Pour les baies latérales, qui sont identiques, il travaille sur la même dominante rouge et orangée. Il reprend le motif de la rose, présent de part et d’autre de la tête de la sainte, et le reproduit en bas de chaque côté, de manière plus abstraite et en plus grand.
Dans le fonds graphique de l’atelier Kirsch et Fleckner, propriété du Vitrocentre Romont, sont conservés deux cartons pour cette verrière : celui de la sainte (KF_1306) et de la lancette latérale (KF_1303), tandis que la collection graphique du Vitromusée Romont comprend la maquette de la sainte (VMR_1226_a).

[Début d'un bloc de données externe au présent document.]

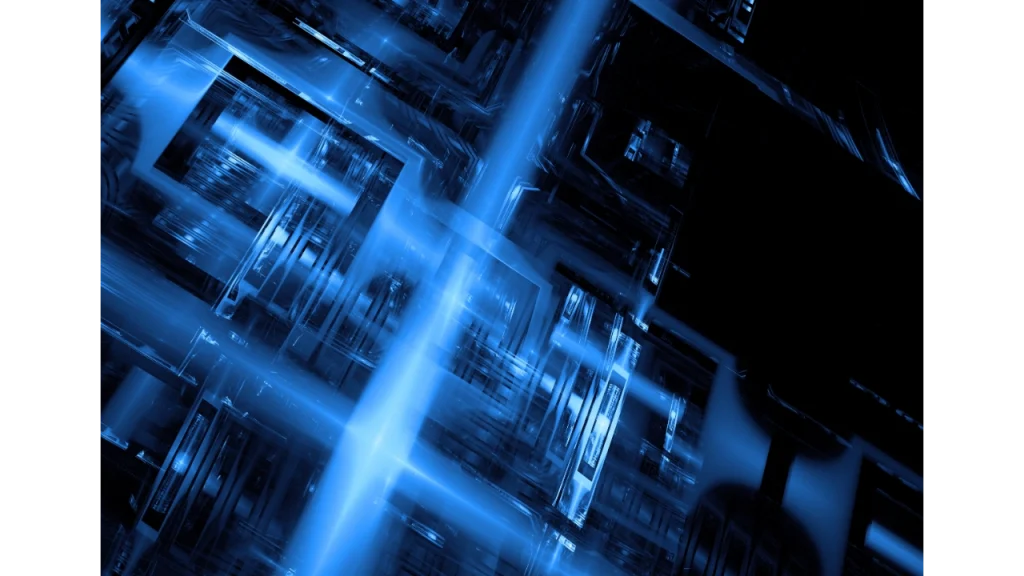 data centres-China-cloud platform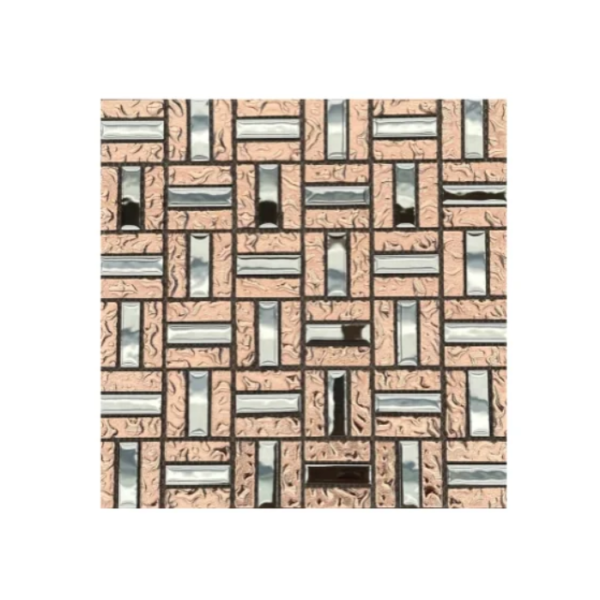 Malla Ella / Valladolid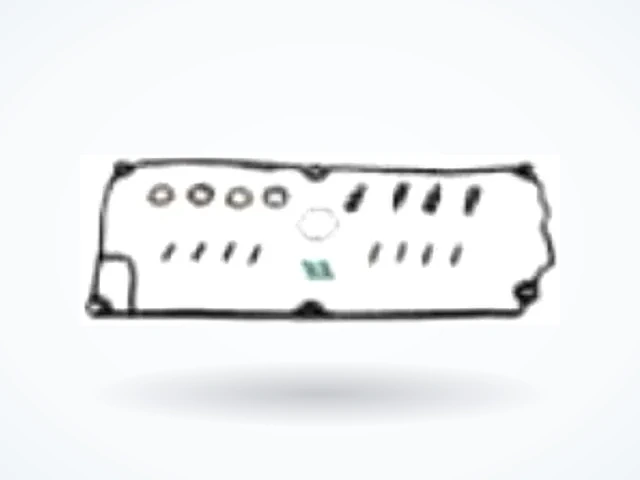 KIT-SEALROCKER — JCB Part No. 320/09200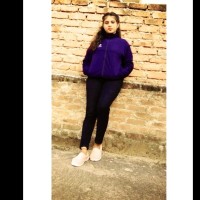 Reena Sonwani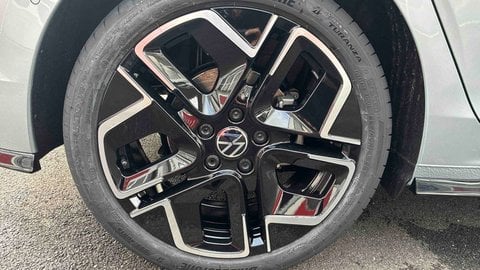 Voitures D'0Km À Tarbes | Volkswagen Golf 1.5 Etsi Evo2 150 Dsg7 R-Line Edition 5P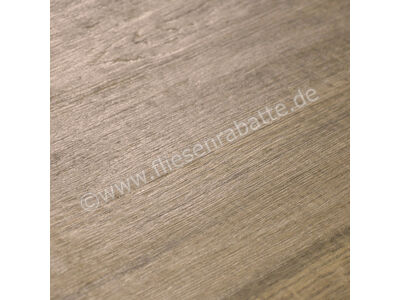 Carrelage Marazzi TreverkHome Olmo 30x120 Cm – Imitation Bois Parquet, Effet Chêne
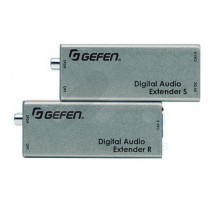 Комплект Gefen EXT-DIGAUD-141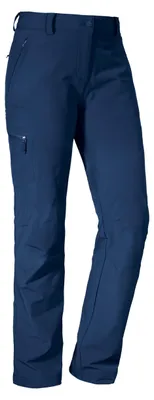 Immagine prodotto di Pantaloni Schöffel Ascona 126008180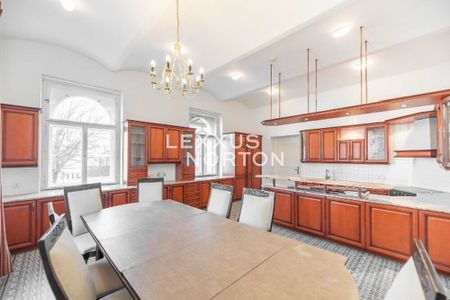 Pronájem domu 827 m² s pozemkem 8 510 m² - Fotografie 5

La mise en perspective de la maquette (VMR_1226a) avec les cartons (KF_1303 et KF_1306) et le vitrail dédié à Thérèse de Lisieux nous offre l’opportunité de mieux comprendre la méthode de travail de l’artiste. Cingria fixe rapidement les lignes définitives de sa figure sur la maquette et ne fait que de légers changements sur le carton, comme la position des deux roses aux pieds de la sainte, ainsi que la hauteur de sa main droite. Alors que le dessin de la sainte est très précis sur la maquette, il est beaucoup plus esquissé sur le carton, ce qui est paradoxal, puisque normalement c’est le carton qui sert de base à la création du vitrail. Mais comme Cingria le relate dans ses Souvenirs d’un peintre ambulant, il renonce souvent aux cartons peints, étape qu’il juste “inutile et bête” : “Une petite maquette pour les couleurs, et une mise en place sommairement ébauchée puis épurée par un calque précis me suffisent. De cette façon, j’arrive à plus de justesse dans mes tons, que je ne fausse pas en tâchant de transcrire ceux d’un carton forcément fatigué, puisqu’il est recopié d’une maquette” (Cingria, 1933, p. 119-120). A Orsonnens, il n’a pas abandonné le carton, mais celui-ci lui permet principalement de définir la taille et la forme des pièces de verre et de nuancer quelque peu les coloris, qui sont encore retravaillés sur le vitrail.